:: DATA SHOWN

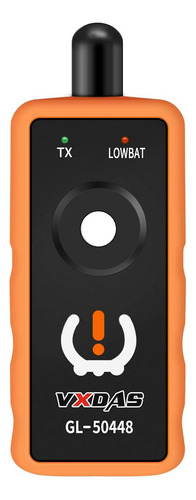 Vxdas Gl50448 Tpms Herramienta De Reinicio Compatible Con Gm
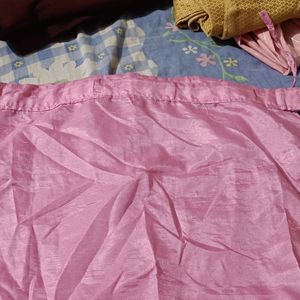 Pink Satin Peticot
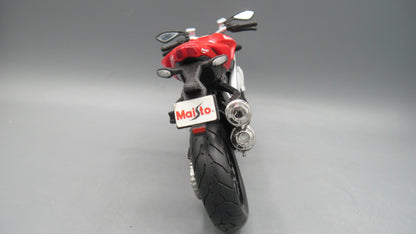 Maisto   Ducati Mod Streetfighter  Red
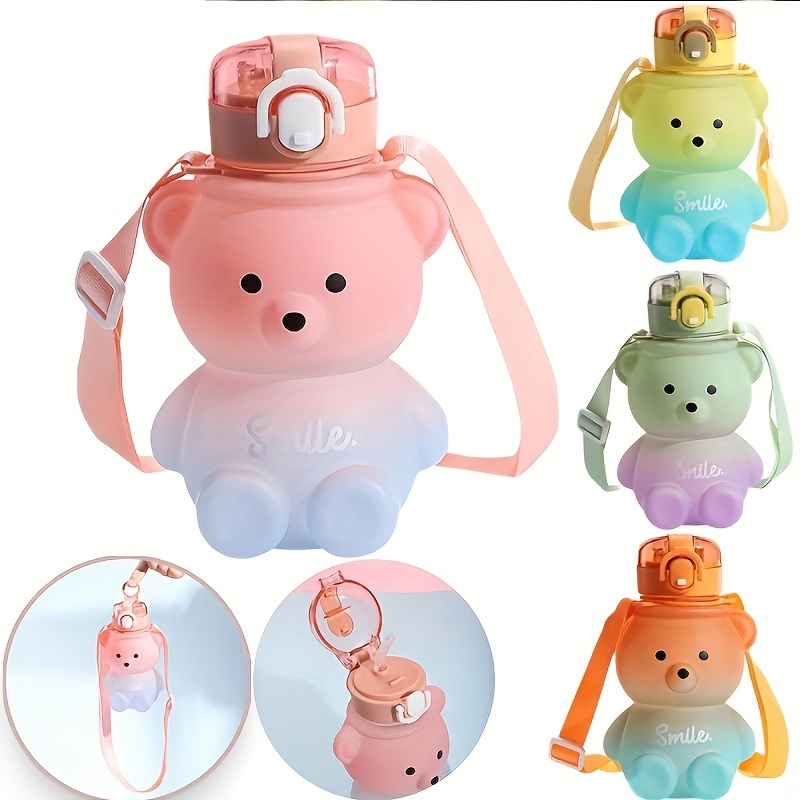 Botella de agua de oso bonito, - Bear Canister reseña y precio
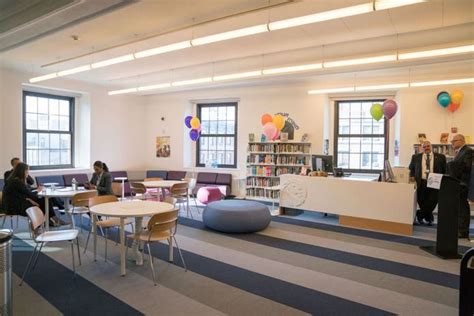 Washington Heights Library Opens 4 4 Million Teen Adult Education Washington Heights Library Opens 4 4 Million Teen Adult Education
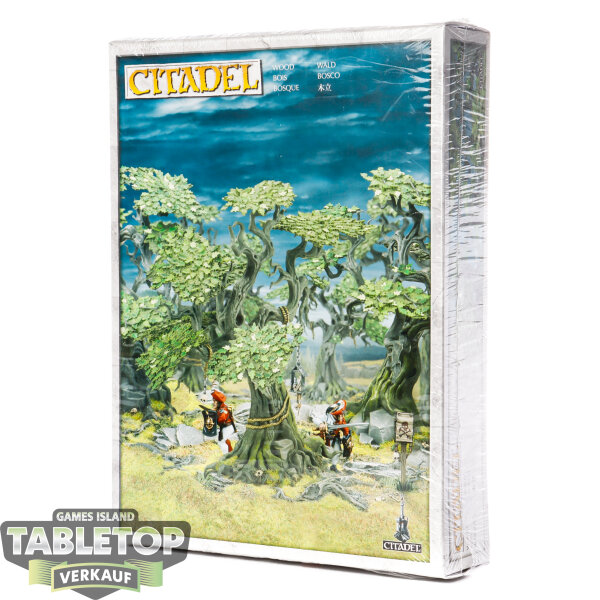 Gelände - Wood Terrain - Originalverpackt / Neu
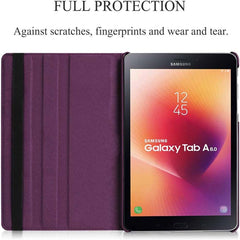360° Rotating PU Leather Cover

::::

The lines to write out run from the one containing "Botella de agua" through the final line of the material above, both included; write them out exactly, with no pictures.

> FINAL ANSWER
 Botella de agua de oso bonito, - Bear Canister reseña y precio
 Washington Heights Library Opens 4 4 Million Teen Adult Education Washington Heights Library Opens 4 4 Million Teen Adult Education
 Gelände - Wood Terrain - Originalverpackt / Neu
360° Rotating PU Leather Cover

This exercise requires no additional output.